I keep coming up against this issue, so I would be grateful for shared insights from the resident experts. I can't be the only one who keeps encountering this.
I know I'm using old hardware, but I'm interested in the relevant issues for this sort of hardware and newer. I'm using a 3.2 GHz Ivy Bridge Xeon with 32 GB ECC RAM. It has only 8MB L3 Cache, but since I'm performing random reads and writes on multi-gigabyte buffers, I don't think the L3 cache size is very relevant to this question.
I've found it takes ~100 to read and update a 64 bit integer in a random position in a large buffer of the same. The buffer is aligned so it should only need to load one cache lane for each update. In a single threaded application, that means I get around 10-15 million updates per second. Supposing I had millions of independent such updates to perform, is there a faster way of getting that work done than processing them in sequence? I know I could multi-thread the application, but with only a few hundred cycles latency, does that mean it wouldn't be worth having more threads than cpu cores? I'm looking more for 10X+ speedup not just 2-4X. I have an OpenCL program which does this on an old Tesla GPU with GDDR5 RAM and I can get well over a billion updates per second, but efficient GPU programming is difficult and not friendly to branching code.

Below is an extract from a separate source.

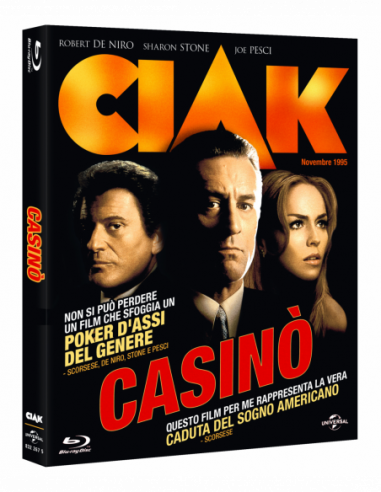 Casino (Ciak Collection) (Blu-Ray)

My Ivy Bridge CPU doesn't support AVX Gather/Scatter instructions. Would these instructions issue requests for all elements before necessarily receiving any of the responses from memory, or do they serialise the memory requests? The reported cycles per instruction are meaningless in this context because they would be mostly requesting data not in cache already. If they can be used to hide the latency and get multiple elements at once though, that could be really useful.
I don't think there is, but am I missing a trick here? Is there some way in c to use non-blocking memory reads/writes? Many Thanks.